University of Minnesota Law School

Date Written: September 18, 2015

Abstract

This paper analyzes the creation and growth of benefit corporations from the perspective of strategic action field theory, in an attempt to shed some light upon both the subject and the methodology. It considers how the new legal field of benefit corporations responded to weaknesses in the existing fields of business corporations and non-profit corporations. Where major field participants such as directors, officers, employees, and shareholders or donors wish to pursue both financial and public-spirited goals that sometimes conflict without subordinating either type of goal to the other, both profit and non-profit corporations may be unsatisfactory. Benefit corporations attempt not only to allow entrepreneurs to seek goals other than profits, but also to commit to doing so while also making profits, so as to entice outside investors and employees to become involved.

In explaining how the new legal form arose out of the gap created by these weaknesses, the paper stresses the role of B Lab as what strategic action field theory calls an internal governance unit, both internally regulating the field and acting as an external champion through creating and lobbying for model benefit corporation legislation. This has so far succeeded in passing legislation in over half of the states, with around 2,000 companies adopting benefit corporation status as of this writing. The paper considers the possibility of successful further emergence of this field through widespread adoption, considering the role that B Lab, social networks and organization, transactional lawyers, and courts could play in responding to many major identified challenges. The paper concludes with some reflections about what this application has taught the author about the strengths and weaknesses of strategic action field theory. A focus on the social and endogenous nature of preferences, and on a mix of selfishness with a search for meaning and connection as motivating forces, are clearly improvements on the conceptual apparatus of the dominant corporate law paradigm, law and economics. However, it remains to be seen whether the theory provides strong and articulated enough methodological and normative tools to pose a strong challenge to that dominant paradigm.

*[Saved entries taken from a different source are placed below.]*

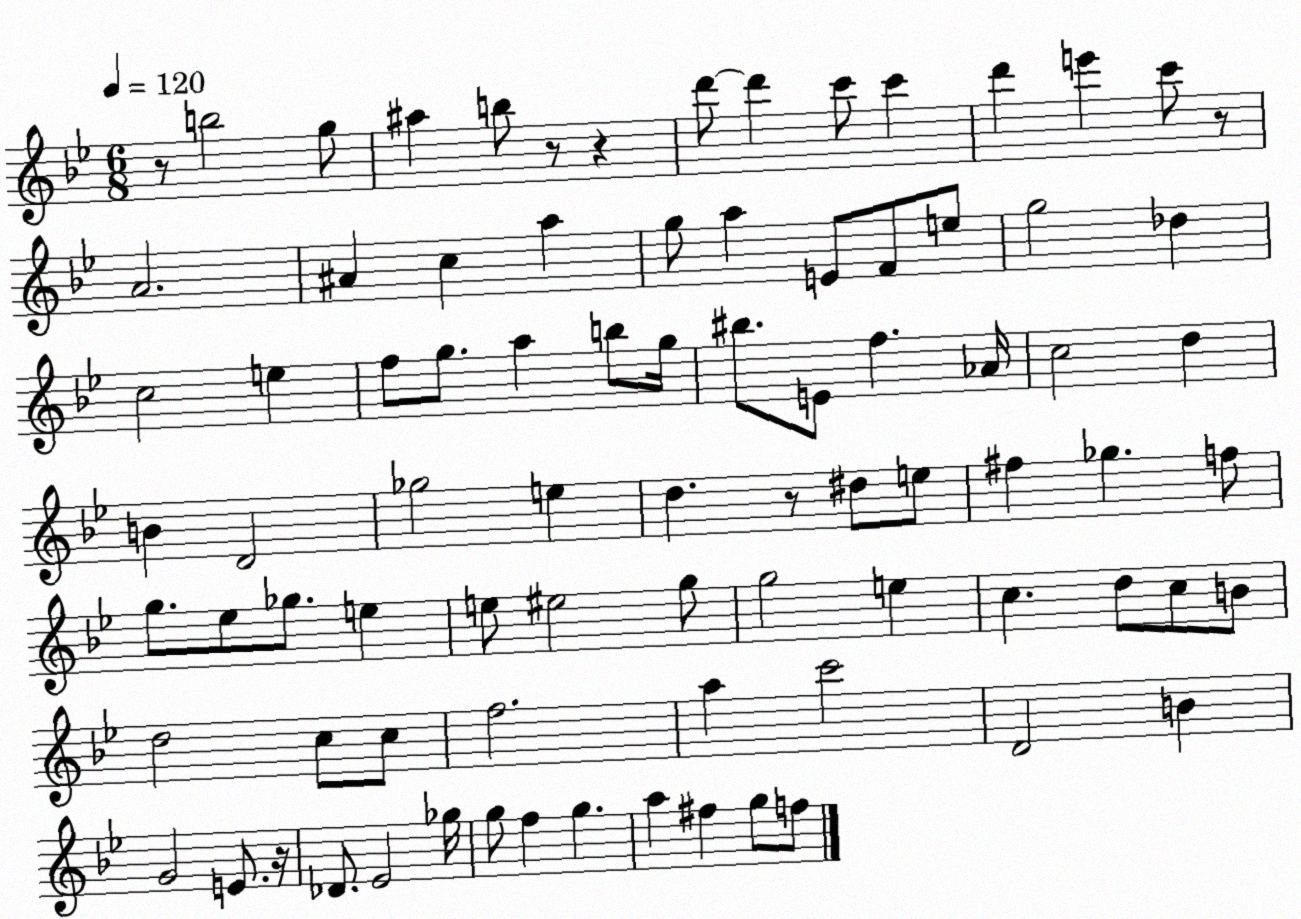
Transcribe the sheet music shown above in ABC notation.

X:1
T:Untitled
M:6/8
L:1/4
K:Bb
z/2 b2 g/2 ^a b/2 z/2 z d'/2 d' c'/2 c' d' e' c'/2 z/2 A2 ^A c a g/2 a E/2 F/2 e/2 g2 _d c2 e f/2 g/2 a b/2 g/4 ^b/2 E/2 f _A/4 c2 d B D2 _g2 e d z/2 ^d/2 e/2 ^f _g f/2 g/2 _e/2 _g/2 e e/2 ^e2 g/2 g2 e c d/2 c/2 B/2 d2 c/2 c/2 f2 a c'2 D2 B G2 E/2 z/4 _D/2 _E2 _g/4 g/2 f g a ^f g/2 f/2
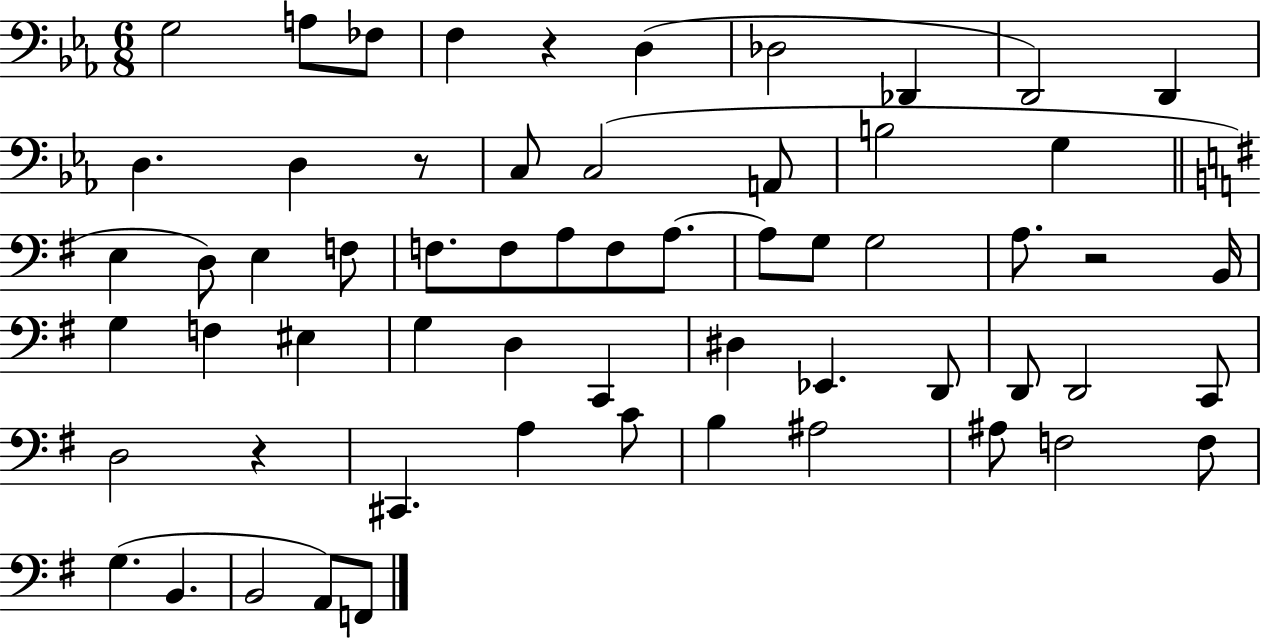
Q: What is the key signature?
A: EES major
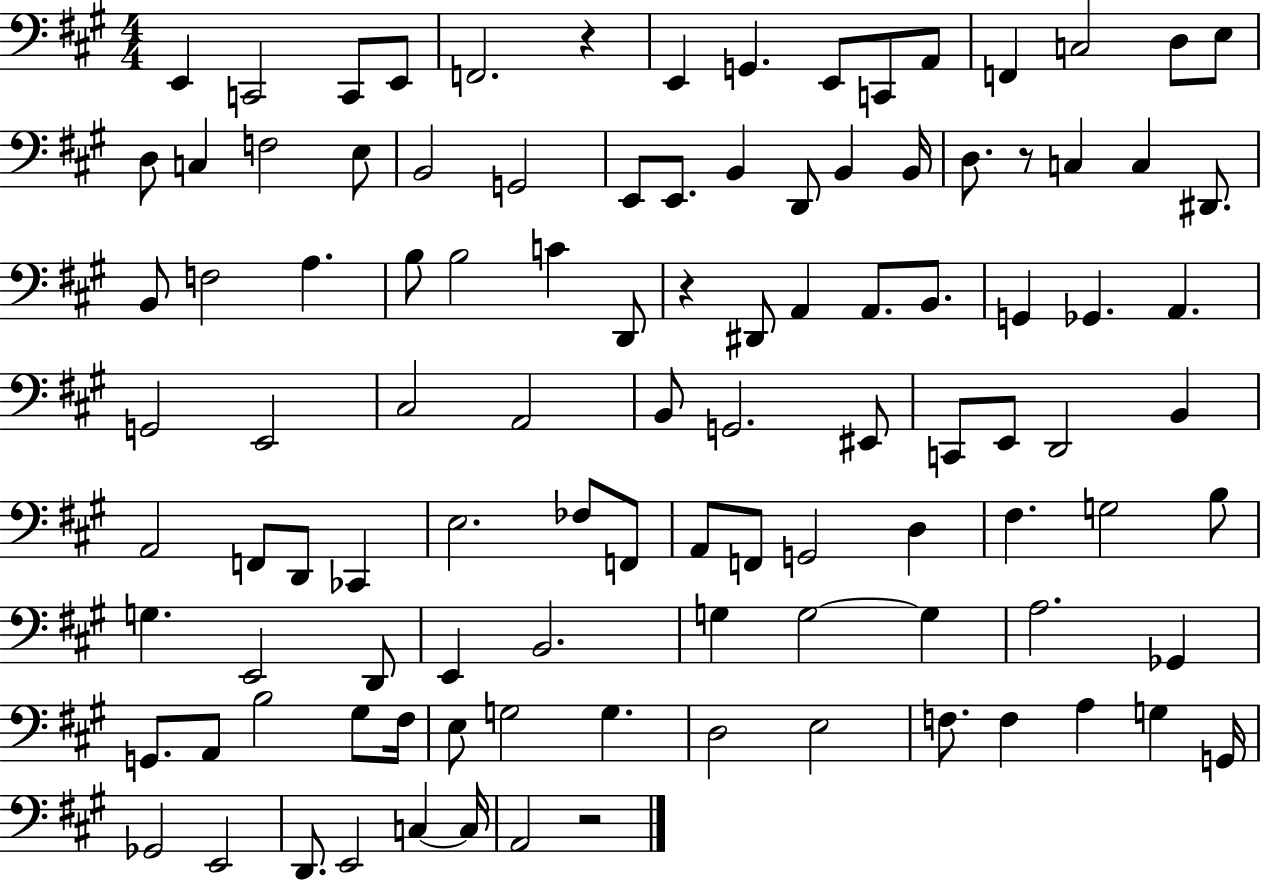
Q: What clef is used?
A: bass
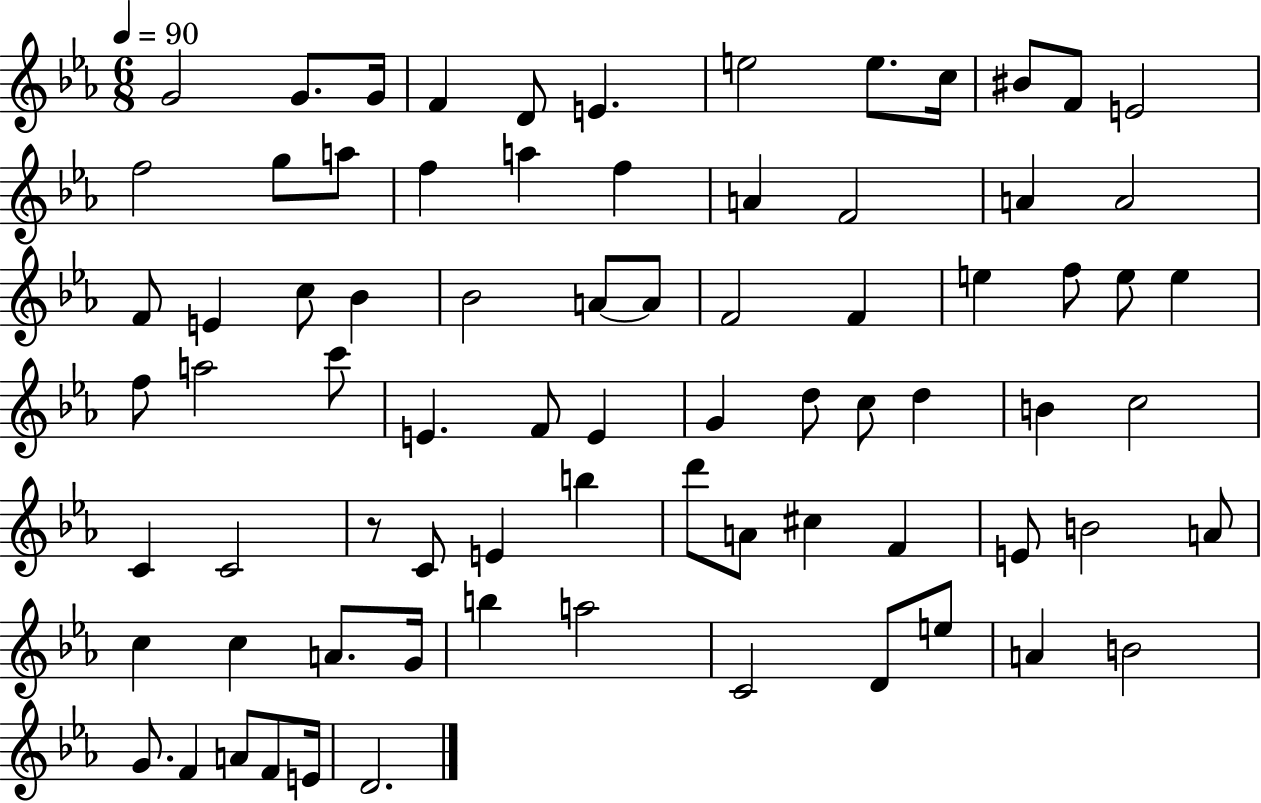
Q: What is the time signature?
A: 6/8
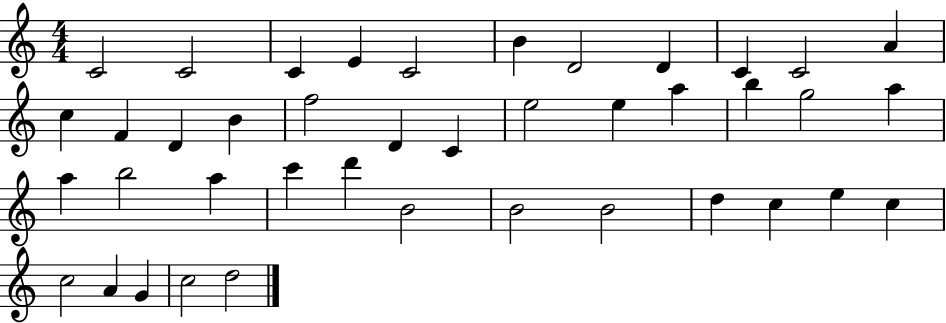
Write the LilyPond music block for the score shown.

{
  \clef treble
  \numericTimeSignature
  \time 4/4
  \key c \major
  c'2 c'2 | c'4 e'4 c'2 | b'4 d'2 d'4 | c'4 c'2 a'4 | \break c''4 f'4 d'4 b'4 | f''2 d'4 c'4 | e''2 e''4 a''4 | b''4 g''2 a''4 | \break a''4 b''2 a''4 | c'''4 d'''4 b'2 | b'2 b'2 | d''4 c''4 e''4 c''4 | \break c''2 a'4 g'4 | c''2 d''2 | \bar "|."
}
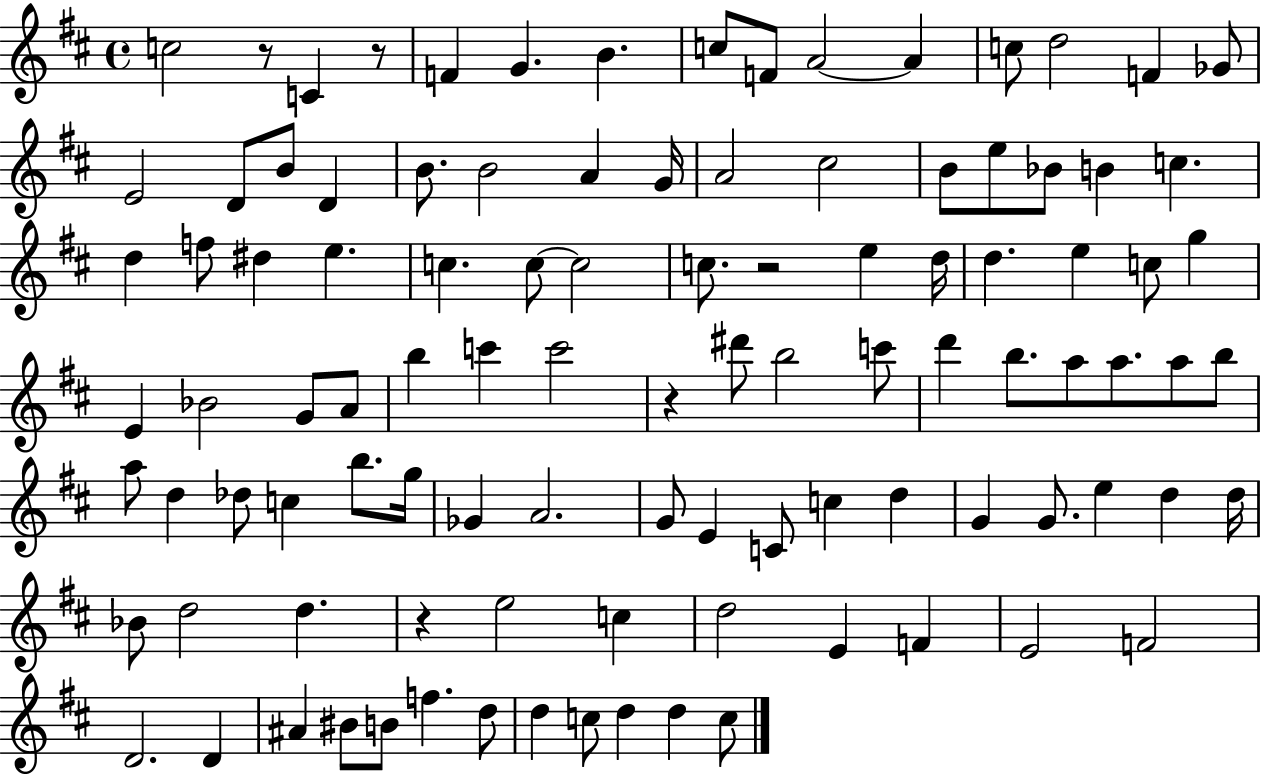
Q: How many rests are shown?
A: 5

Keywords: benefit corporations, strategic action fields, nonprofit corporations

JEL Classification: D21, G30, K22, L21, M14

Suggested Citation

McDonnell, Brett H., Benefit Corporations and Strategic Action Fields or (the Existential Failing of Delaware) (September 18, 2015). Seattle University Law Review, Vol. 39, January 2016 (Forthcoming), Minnesota Legal Studies Research Paper No. 15-29, Available at SSRN: https://ssrn.com/abstract=2662532

Brett H. McDonnell (Contact Author)

University of Minnesota Law School ( email )

229 19th Avenue South
Minneapolis, MN 55455
United States
612-625-1373 (Phone)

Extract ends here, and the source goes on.